If the salvor could always be assured of clear weather, his troubles would be reduced a hundredfold, but at best it takes a long time to perform any work dependent upon divers, and the chances are very good when they are operating in an unsheltered spot, that a storm may come up at any time and undo the result of weeks and months of labor. This is what happened when the submarine F-4 was salved. After a month of trying effort the submarine was caught in slings hung from barges, lifted two hundred and twenty-five feet, and dragged within a short distance of the channel entrance of the harbor, where the water was but fifty feet deep. But just then a violent storm arose, which made the barges surge back and forth and plunge so violently that the forward sling cut into the plating of the submarine and crushed it. The wreck had to be lowered to the bottom and the barges cut free to save them from being smashed. At the next attempt to raise the F-4 pontoons were again used, but instead of being arranged to float on the surface, they were hauled down to the wreck and made fast directly to the hull of the submarine. Then when the water was forced out of the pontoons with compressed air, they came up to the surface, bringing the submarine with them. In this way all danger of damage due to sudden storms was avoided because water under the surface is not disturbed by storms overhead; and when the wreck was floated, the pontoons and submarine formed a compact unit.
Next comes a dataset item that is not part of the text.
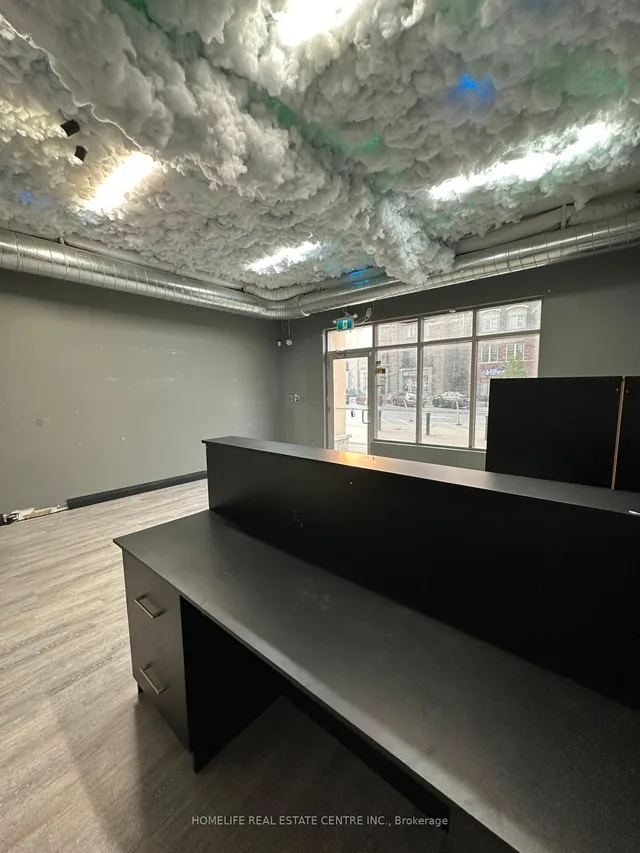 Additional image 44 of 139 Inspire Blvd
While this method of salvage seems like a very logical one for work in the open sea, one is apt to forget how large the pontoons must be to lift a vessel of any appreciable size. Not only must they support their own dead weight, together with that of the sunken vessel, but some allowance must usually be made for dragging the wreck out of the clutches of a sandy or muddy bottom. Imagine the work of building pontoons large enough to raise the Lusitania. They would have to have a combined displacement greater than that of the vessel itself, and they would have to be so large that they would be very unwieldy things to handle in a seaway. It is for this reason that submarine pontoons are not often used to take the entire weight of the vessel. So far they have been employed mainly to salve small ships and then only to take a portion of the weight, the principal work being done by large wrecking-cranes. Instead of horizontal pontoons it has been suggested that vertical pontoons be employed, so as to provide a greater lifting-power without involving the use of enormous unwieldy units.
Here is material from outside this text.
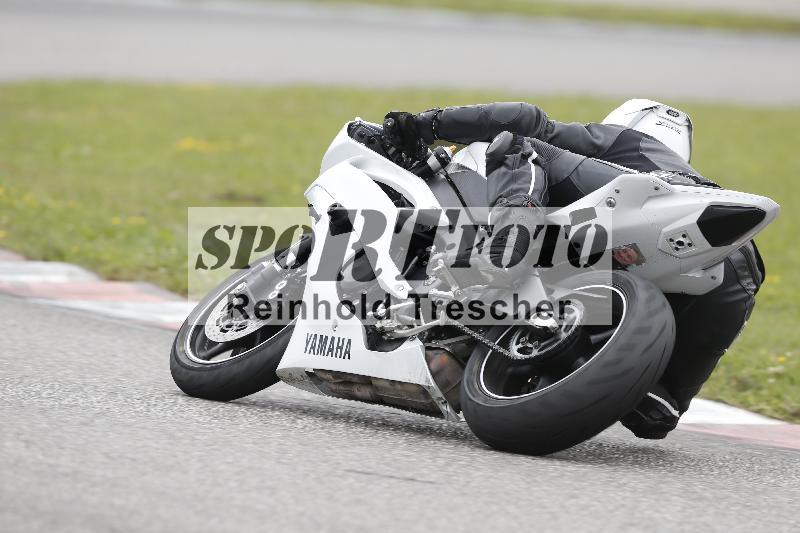 /Archiv-2024/70 16.09.2024 Plüss Moto Sport ADR/Einsteiger/75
Ships are not built so that they can be picked up by the ends. Such treatment would be liable to break their backs in the middle. Were they built more like a bridge truss, the salvor's difficulties would be materially lessened. It would be a much simpler matter to raise a vessel with pontoons were it so constructed that the chains of the pontoon could be attached to each end of the hull. But because a ship is built to be supported by the water uniformly throughout its length, the salvor must use a large number of chains, properly spaced along the hull, so as to distribute the load uniformly and see that too much weight does not fall on this or that pontoon.
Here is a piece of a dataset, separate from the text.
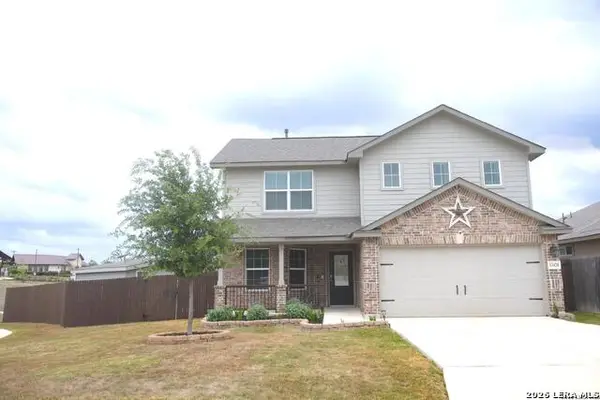 13420 Cadenza Creek, San Antonio, TX 78252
The main problem, however, is to get hold of the wreck and this requires the services of divers, so that if there were no other limiting factor, the depth to which a diver may penetrate and perform his duties sets the mark beyond which salvage as now conducted is impossible.
A common diver's suit does not protect the diver from hydraulic pressure. Only a flexible suit and a thin layer of air separates him from the surrounding water. This air must necessarily be of the same pressure as the surrounding water. The air that is pumped down to the diver not only serves to supply his lungs, but by entering his blood transmits its pressure to every part of his anatomy. As long as the external pressure is equalized by a corresponding pressure within him, the diver experiences no serious discomfort. In fact, when the pressure is not excessively high he finds it rather exhilarating to work under such conditions; for, with every breath, he takes in an abnormal amount of oxygen. When he returns to the surface he realizes that he has been working under forced draft. He is very much exhausted and he is very hungry. It takes a comparatively short time to build up the high internal pressure, which the diver must have in order to withstand the pressure of the water outside, but it is the decompression when he returns to the surface that is attended with great discomfort and positive danger. If the decompression is not properly effected, the diver will suffer agonies and even death from the so-called "Caisson Disease."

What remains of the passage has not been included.